I argued that this sucks away people's engagement and energy for life because they take things way too seriously and lose their curiosity about the world.
I mean why should someone stop me if I want to kill 27 Orc Bad Boys in Total War Warhammer 2 for twelve hours straight!? Okay, maybe that's too long, but my point still stands.
Unlike those Orcs, they are very much dead.
In this week, I want to argue how bringing back games and play into our lives can make them more enjoyable. To do this, I will first explore how we secretly play a game in our life at mass scale without knowing. Then I will explore the benefits gamification, the craft of deriving fun and engaging elements found typically in games and thoughtfully applying them to real-world productive activities can have on our overall engagement and energy toward life by facilitating entrance into the flow state.

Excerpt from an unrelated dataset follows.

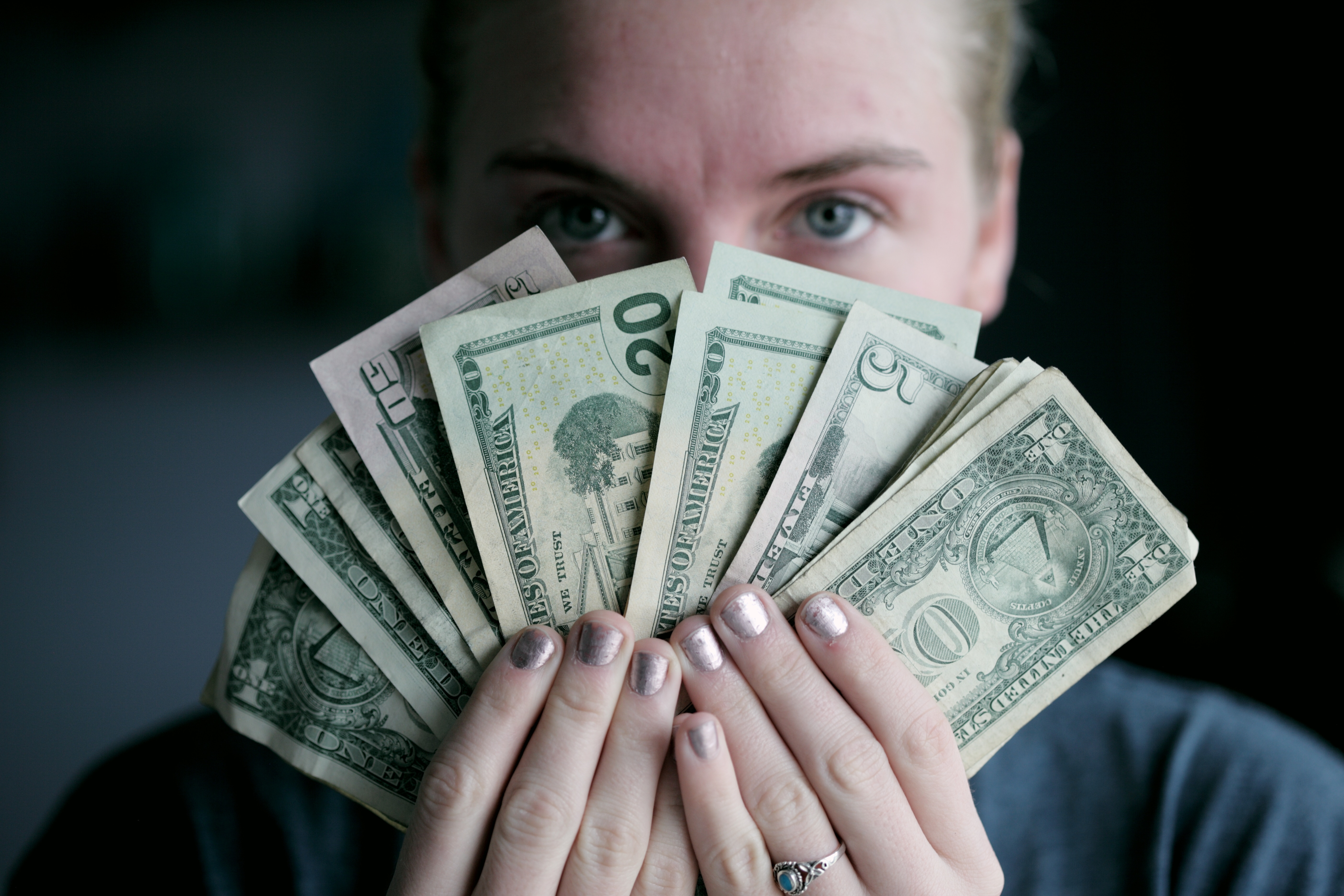 Woman holding dollar bills.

The Game You're Secretly Playing All The Time
Let's start with the games you're secretly playing right now. Work. Work is inherently structured like a game.
To understand why, we have to broaden our definition of what a game even is.
According to Bernard Suit, philosopher and game studier, a game is anything where there is a "voluntary attempt to overcome unnecessary obstacles."
They typically have five things:
- A goal (non-trivial and achievable)
- Rules (some form of arbitrary externally imposed constraints)
- A feedback system (can see progress toward goals)
- Voluntary participation (motivated to achieve goals voluntarily)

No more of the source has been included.